Hurricane Recovery Advisement

When forecasters first spotted hurricane Ian, predicting that it would likely hit the west coast of Florida, the refuge, the entire islands of Sanibel and Captiva, Lee County and the entire state, went on high alert.


The J.N. “Ding” Darling National Wildlife Refuge, along with the “Ding” Darling Wildlife Society, closed on Monday September 26 at 2:00 pm. The refuge team moved trucks and equipment off the island by mid-Tuesday. With phone trees and emergency contacts in place, staff and interns evacuated to safer locations, out of state or into inland hotel rooms near the airport or private residences of staff.  All staff have been accounted for and are safe.  

If you are out of the area and have a loved one you haven't heard from, you can ask for a well-being check by calling the Lee County Sherriff's non-emergency number at 239.477.1000.  

“Ding” Darling is a family and everyone’s safety is important to us. From our small barrier islands to the entire state of Florida and other states which Hurricane Ian is anticipated to hit, we feel for everyone having to deal with this storm and the vengeance of mother nature.  

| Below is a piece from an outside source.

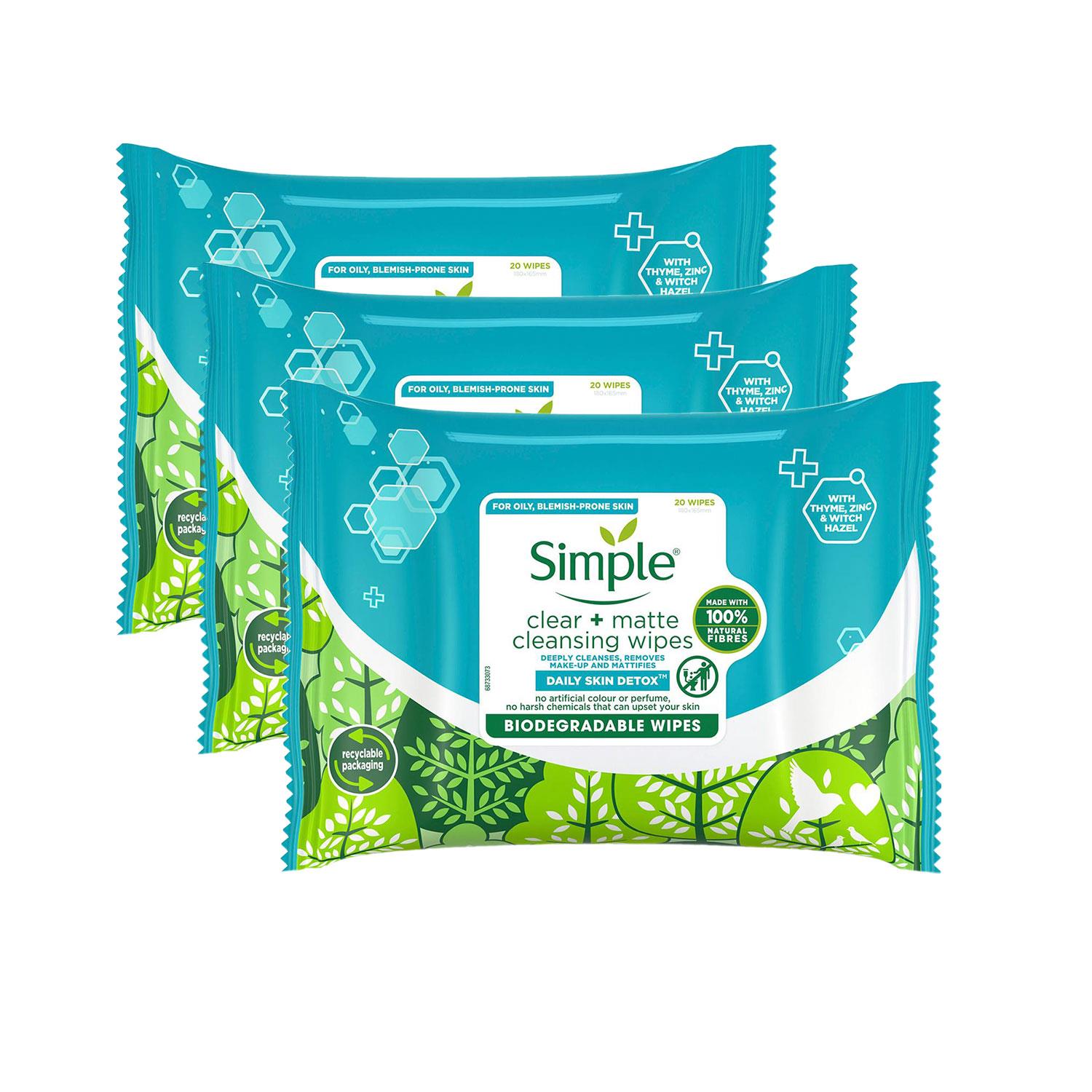 Simple Biodegradable Cleansing Facial Wipes, 3x20 Wipes - Picture 33 of 54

Hurricane Ian made landfall September 28 at approximately 12:30 p.m. leaving behind a trail of destruction.  

While the staff of the Refuge and DDWS evacuated, there were a number of people they know who chose to stay behind.  Names of people we were aware of having stayed were given to the city emergency response team to make the search and rescue more efficient.  See the link to Lee County Sherrif's office. 

Rescue operations have begun and it is our hope everyone is alive and safe.

See LINK to Lee County Sheriffs feed from earlier today.  

Links to help the residents and businesses on the islands

The following are links to organizations that will help people and businesses living and working on the islands.  Please DO NOT send mail to FISH of Sanibel Captiva as any mail service is not working. Make gifts online.  If your gift is larger than $10k, please send in smaller increments as some banks and credit cards may have a limit.  

photo courtesy of Fox 4 news

Sanibel Causeway Collapse

We have all seen the news accounts which are horrific. There is little known and the next 48 hours will be key to getting a better idea of the extent of damage and ability to get onto the island. 

The following is a partial message from John Lai of the Sanibel Captiva Chamber of Commerce before knowledge of the collapse of the causeway bridge and roads. His message still remains accurate. 

Dear Members,

I sincerely hope that you and your loved ones are safe after what can only be classified as a catastrophic day. Absolutely no words could adequately describe the range of emotions that I’m sure we have all experienced in the past 72 hours. 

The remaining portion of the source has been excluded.